Re: Any chance of people in the UK being able to use it?

The very very sad thing is, they can’t.
These multinational megacorps have created such a tangled mess of laws and collection agencies to “protect” their interests that they have successfully made it impossible.

Even if somehow all of the people running these labels all dropped dead in the morning and were replaced with people who get the simple idea that the world is just 1 marketplace now, they would face YEARS of litigation trying to dismantle the “protective” web.

And the real losers in all of this would remain consumers, who just want to buy the damn content, use the silly services, and have a good experience without tons of hassles and stumbling blocks.

Anonymous Coward says:

Re: Re: Any chance of people in the UK being able to use it?

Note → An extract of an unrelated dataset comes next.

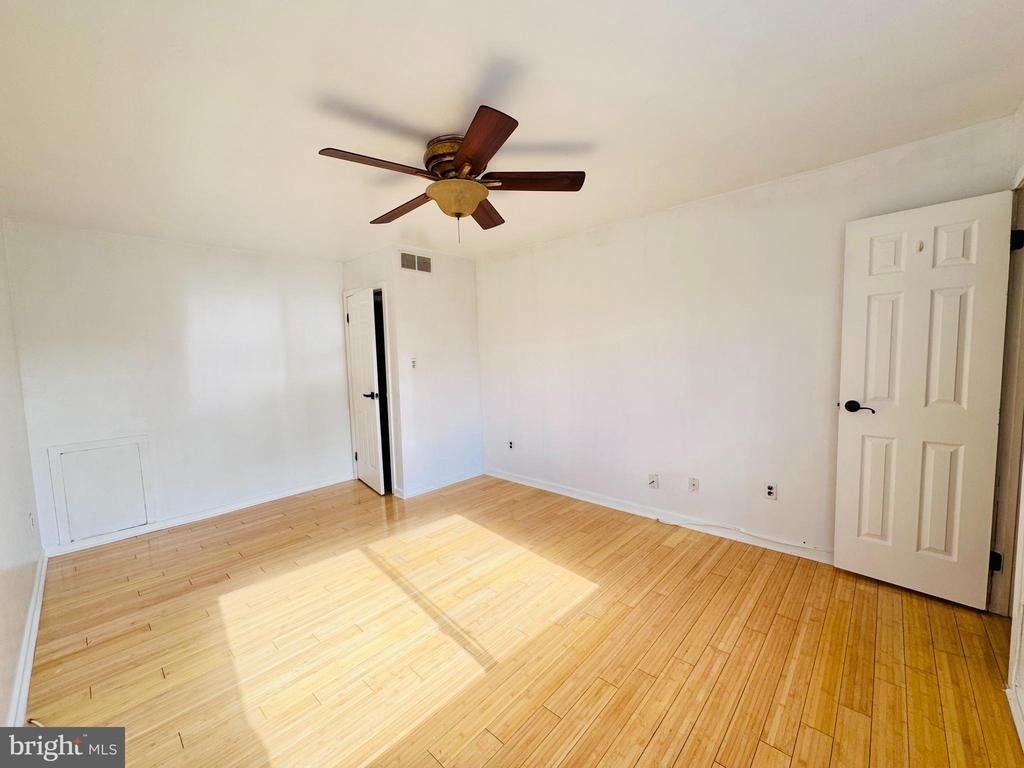 1403 Roberts Way - Photo 14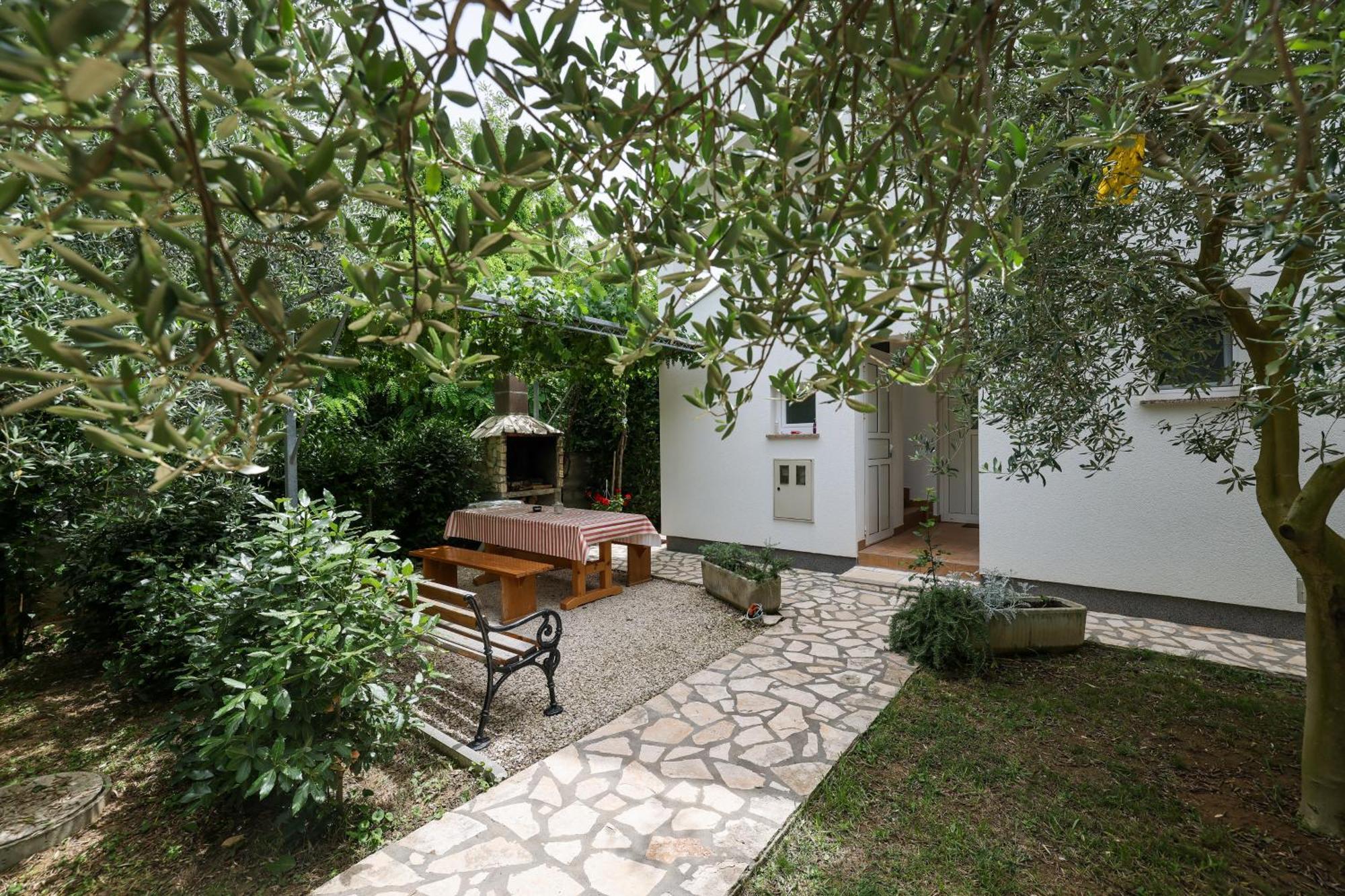 Apartments Kika Nin Exterior foto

You forgot to mention local content, labeling, language, and distribution laws that often make it impossible to do anything close to a global deal. It was done to protect consumers and to protect local industry, and it won’t go away any time soon.

Trust me when I say the record labels and movie companies often really hate this crap too. But they have to work like that to stay within the laws, and to mitigate risk.

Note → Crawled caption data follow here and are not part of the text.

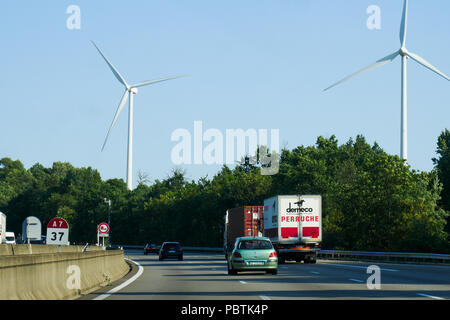 Fahren auf Autobahn A7, Frankreich Stockfoto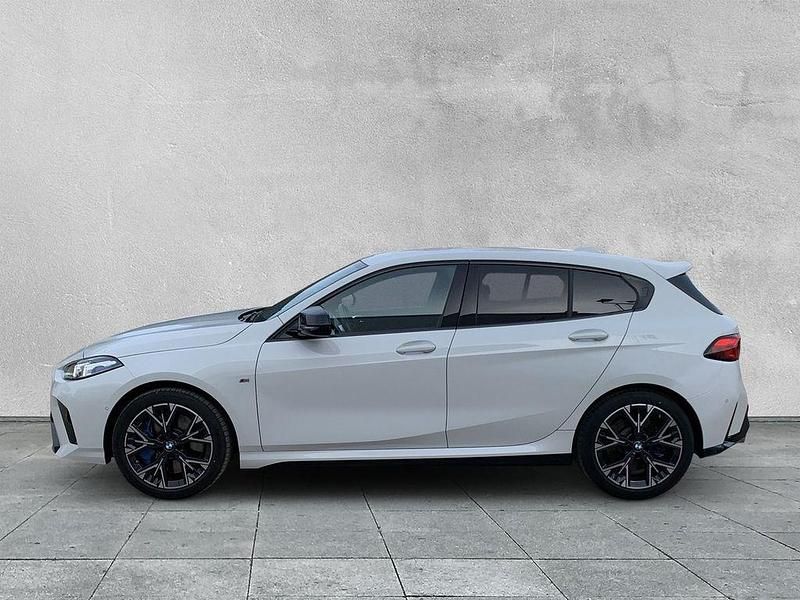 Gebraucht BMW M135 Performance 300 PS (220 kW) 2024 Weiß Kleinwagen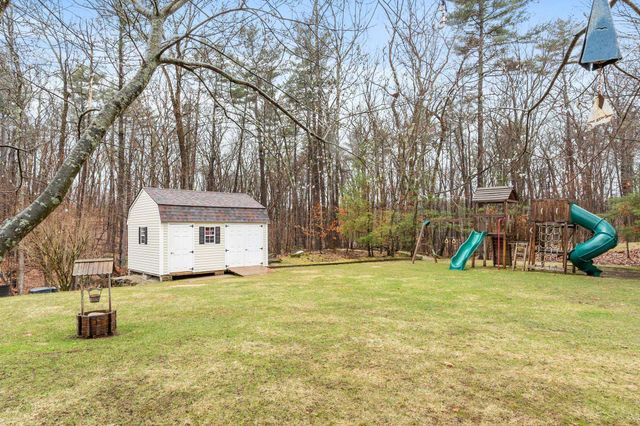 21 Edinburgh Road, Windham, NH 03087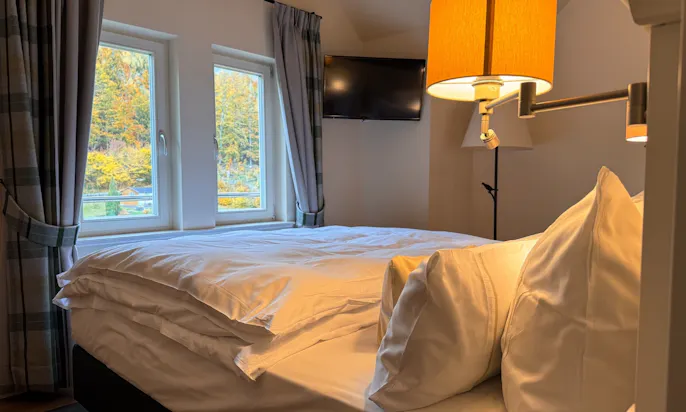 Schlafbereich in einer Familiensuite des Hotel & Spa Suiten FreiWerk in Stolberg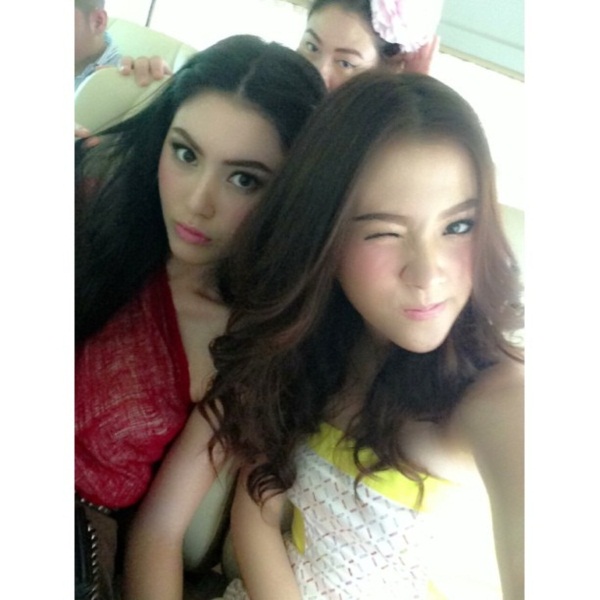 ใหม่ ดาวิกา ใบเฟิร์น พิมพ์ชนก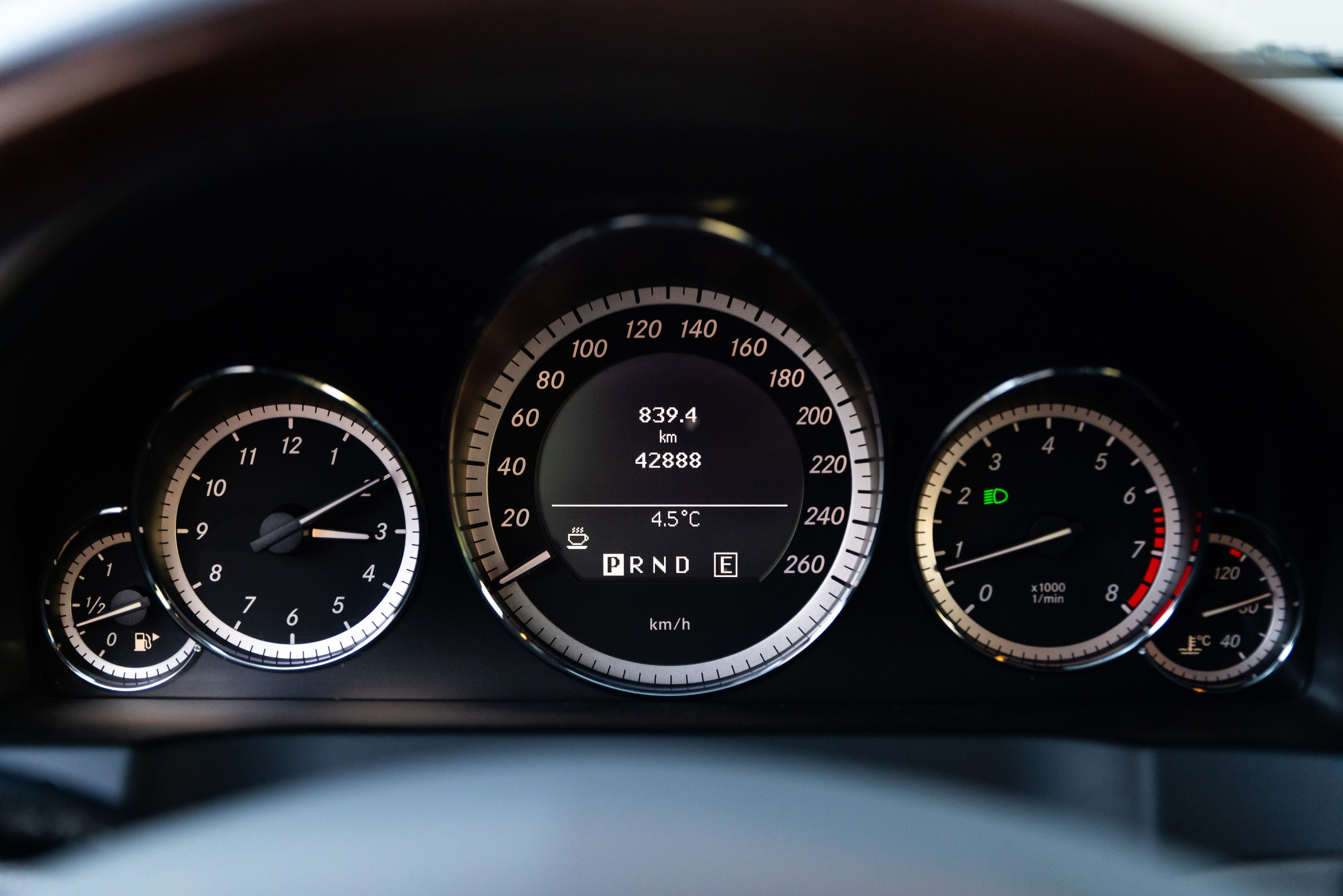 Mercedes e classe. Автомобильный фотограф в Санкт-Петербурге — Илья Kaseone_1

Mesonoxian Eve (profile) says:

I’m always impressed companies think “cloud” means “match data” so everything’s matched up, and not what the word stands for, which means an isolated set of data we can access anywhere in the world.

/sarcasm.

Next thing we’ll see is Amazon telling its customers they can’t use the cloud unless it can connect to your hard drive. Just like Apple does.

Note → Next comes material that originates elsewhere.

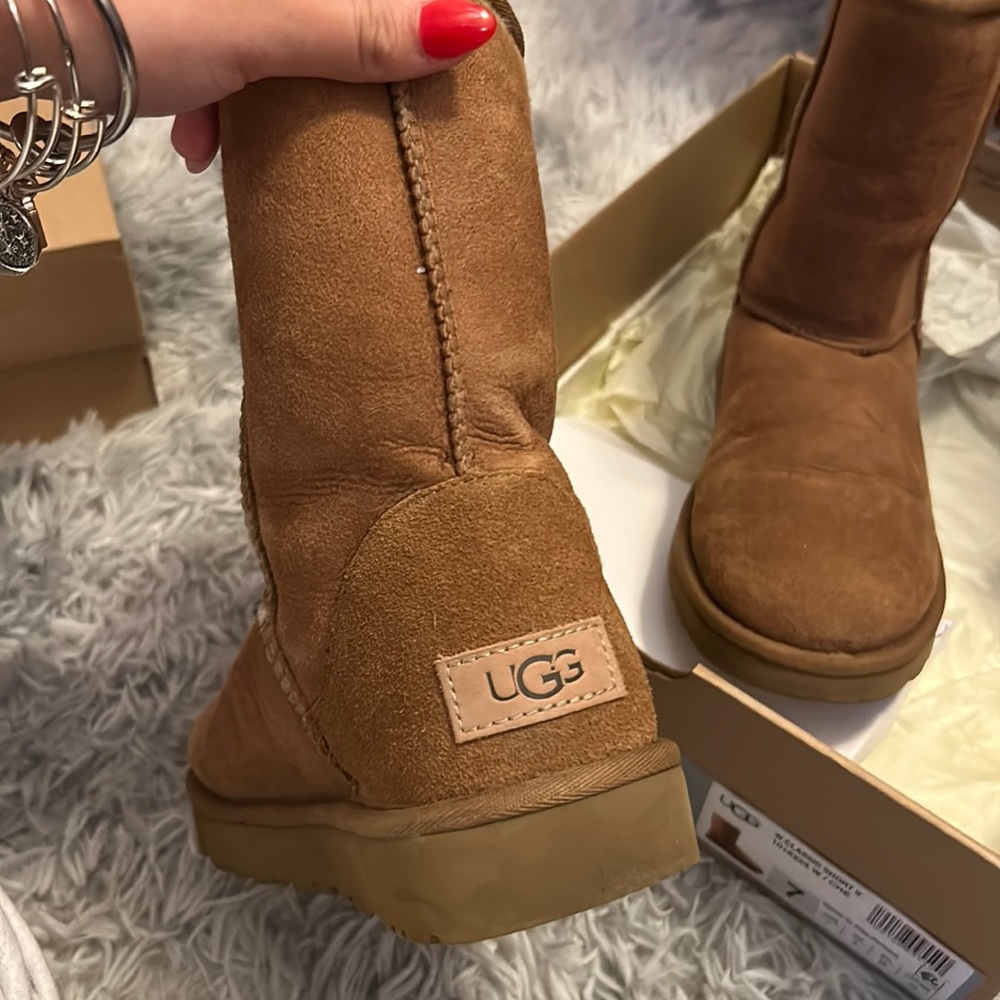 ugg boots size 7 women’s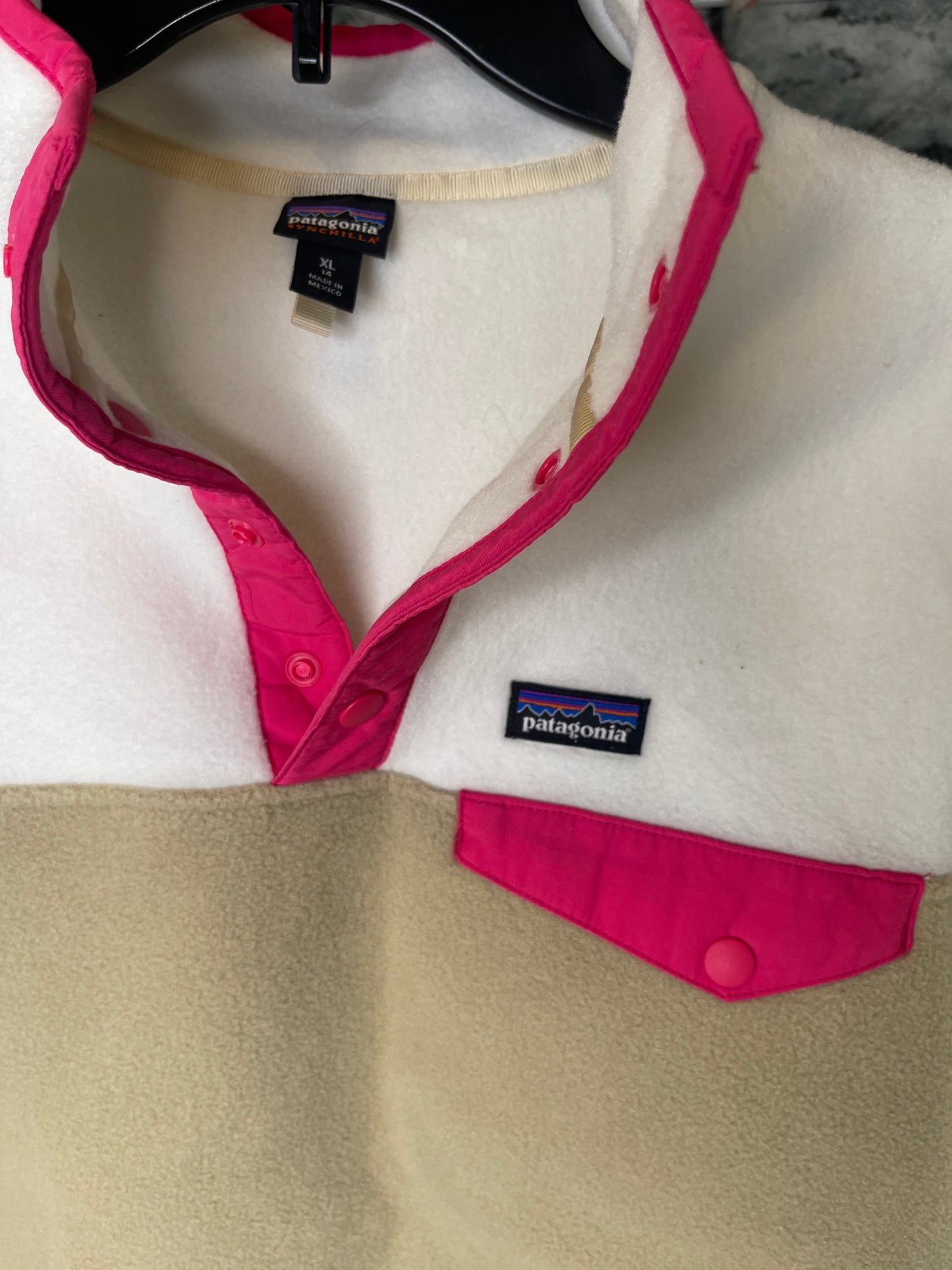 Patagonia yellow pink tan pullover shirt girls sz xl (14)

Ridiculous loss of a good feature.

*removes stuff from Amazon’s cloud.

It’s no longer useful to me. I can VPN into my own laptop.

Ven says:

… but in the year+ since Amazon’s streaming player launched, I honestly can’t remember ever hearing anyone mention using it.

That may be because Amazon had a compelling idea that caught people’s attention when it launched, but the implementation was crap. This is the reoccurring theme on TechDirt of ideas vs execution.

Not long after the launch I had bought an album from the Amazon MP3 store and everything worked well, at least part of my choice of purchasing it from Amazon over iTunes was the cloud player and extra storage that came with the Amazon purchase.
With all this new storage space I decided to upload a few albums I had on my computer. The first one I picked as an internet distributed compilation album. Putting aside the fact that I had to download a desktop application to upload files to a website, the experience was mostly painless until I actually tried to use the cloud player to view my uploaded music. Amazon split the album (equivalent of 2CDs) into 18 different albums, some with only 1 track. It didn’t seem to have any rational reason for how it made the splits, tracks by the same artist were split into different albums, etc. iTunes didn’t have the same issue when it imported the album into its library. And to make matters just a little worse Amazon’s cloud player didn’t at the time (and may still not) have a way to edit the track meta data, or reorganize the tracks into one album.

PT (profile) says:

Let’s see if I understand. For a nominal fee, I can allow a bunch of people who have a contract with the RIAA to examine and catalog everything I have on my hard disk, in exchange for which they’ll let me listen to music that I already own.

That’s like paying a representative of a gang of notorious housebreakers to come into your home, copy your keys and catalog your valuables, and in exchange they let you watch your own television.

montgoss (profile) says:

Amazon user

As Amazon was one of the (if not the) first to offer DRM-free mp3 purchases, I’ve purchased all of my music in the last several years almost exclusively through Amazon.
So, I used the Cloud Player for a while when it came out (until the bandwidth issues at my work annoyed me into just downloading all of my mp3’s). It works well with new purchases as well, since they are added instantly to your Cloud Player account (and don’t count against your space usage).

So, for someone like me, this IS actually an upgrade.